Output the data below exactly, without images.

▸ **Data extract**:
##############################

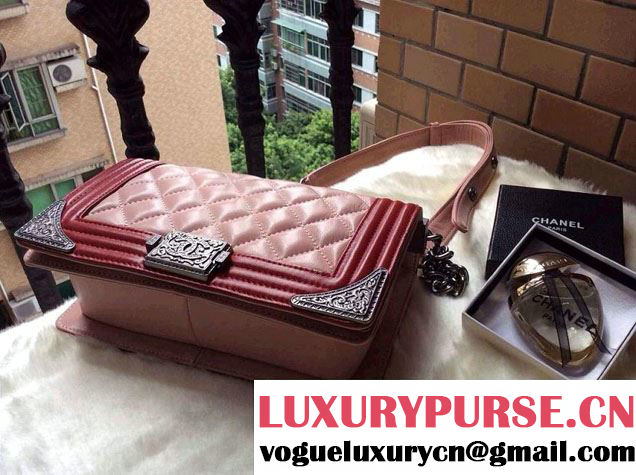 Chanel Boy with Silver Embellished Bag in Claret with Blush 2014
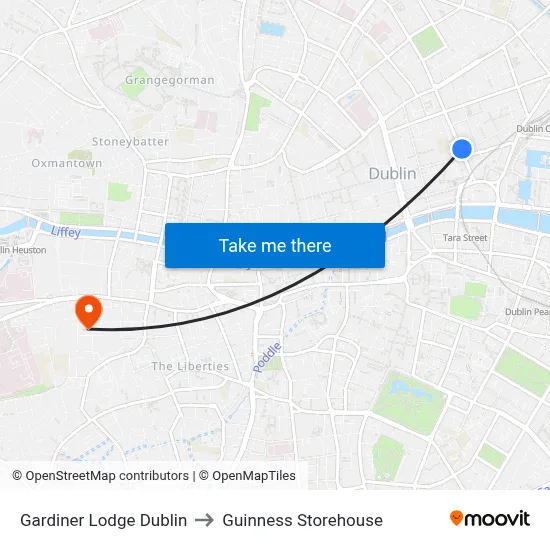 Gardiner Lodge Dublin to Guinness Storehouse map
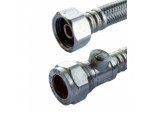 Flexi Tap Connector 15 x 15mm x 50cm + Iso Valve - 9.5mm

##############################

▸ **Exercise output**:
 Chanel Boy with Silver Embellished Bag in Claret with Blush 2014
 Gardiner Lodge Dublin to Guinness Storehouse map
 Flexi Tap Connector 15 x 15mm x 50cm + Iso Valve - 9.5mm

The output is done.